Heidi Sta­ples, di­rec­tor of the UCLA Cen­ter on Child Wel­fare, was re­tained by Varady to eval­u­ate the case. She said red flags were abun­dant yet were given in­suf­fi­cient weight by DHS, which Sta­ples faulted for pur­su­ing re­uni­fi­ca­tion given the egre­gious cir­cum­stances and for not fol­low­ing its own poli­cies.

She said nei­ther of Zion’s par­ents demon­strated sub­stan­tial re­ha­bil­i­ta­tion or the ca­pac­ity to safely care for him.

Zion was re­u­nited with his mother on Oahu in Septem­ber 2009, and more than a year later she turned him over to his fa­ther, who had moved to Maui. A se­verely in­jured Zion was brought to Maui Me­mo­rial Med­i­cal Cen­ter in May 2012 and died a day later.

“This is the worst of the worst, the high­est risk and most se­vere type of abuse, the youngest and most vul­ner­a­ble of vic­tims, the type of case that haunts com­mu­ni­ties and so­cial work­ers and courts and ad­vo­cates and any­one who cares about keep­ing chil­dren safe,” Sta­ples wrote in her anal­y­sis. “It bog­gles the mind that this child who mirac­u­lously sur­vived the first as­sault was then sub­jected to a re­turn to the same un­safe and dan­ger­ous care­givers.”

Gelles, the for­mer dean, said in a phone in­ter­view that Zion’s case un­der­scores a prob­lem with child wel­fare agen­cies through­out the coun­try.

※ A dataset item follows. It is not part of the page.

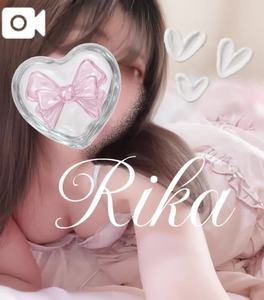 ゆっくり焦らしてたくさん責めて、限界までいじらせて？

They pay more at­ten­tion to the rights of the par­ents than what is best for the child, he said.

“I think these agen­cies have a com­pletely un­re­al­is­tic no­tion of the ca­pac­ity of peo­ple who mal­treat chil­dren to change over a pre­scribed amount of time,” he said. “It’s il­lus­trated time and time again, not just in the is­lands.”

Gelles said DHS’ fail­ure to seek rec­om­men­da­tions from an out­side mul­ti­dis­ci­plinary team be­fore re­turn­ing Zion to his mother was a sig­nif­i­cant mis­step be­cause such re­views pro­vide im­por­tant feed­back.

Asked why no re­view was done, DHS was un­able to cite a rea­son.

“The multi-dis­ci­plinary team is a valu­able re­source in our re­uni­fi­ca­tion process where se­ri­ous harm to the child had pre­vi­ously oc­curred,” spokes­woman Keopu Reelitz said in an email to the Star-Ad­ver­tiser. “Hav­ing them re­view cases be­fore re­uni­fi­ca­tion is our stan­dard prac­tice. We will con­tinue to look into what oc­curred in this sit­u­a­tion.” By the time Rooney was re­uni­fied with her son, her be­hav­ior and at­ti­tude had im­proved, ac­cord­ing to the reports made to the court. “Mother has made a com­mend­able turn­around in this case,” Hong, Zion’s guardian ad litem, wrote in a De­cem­ber 2009 re­port. “Ini­tially, she was not as co­op­er­a­tive and com­pli­ant, but she has made a re­mark­able ad­just­ment in her ap­proach to others and fo­cused on Zion and her­self.”

Rooney could not be reached for com­ment.

A few months af­ter Hong wrote that re­port and be­fore Zion was moved to Maui, DHS re­ceived an anony­mous call say­ing that the mother was abus­ing her son, the records show. DHS called the mother to of­fer ser­vices, ac­cord­ing to the at­tor­ney gen­eral’s leg­isla­tive tes­ti­mony, but “no fur­ther fol­low-up was taken.”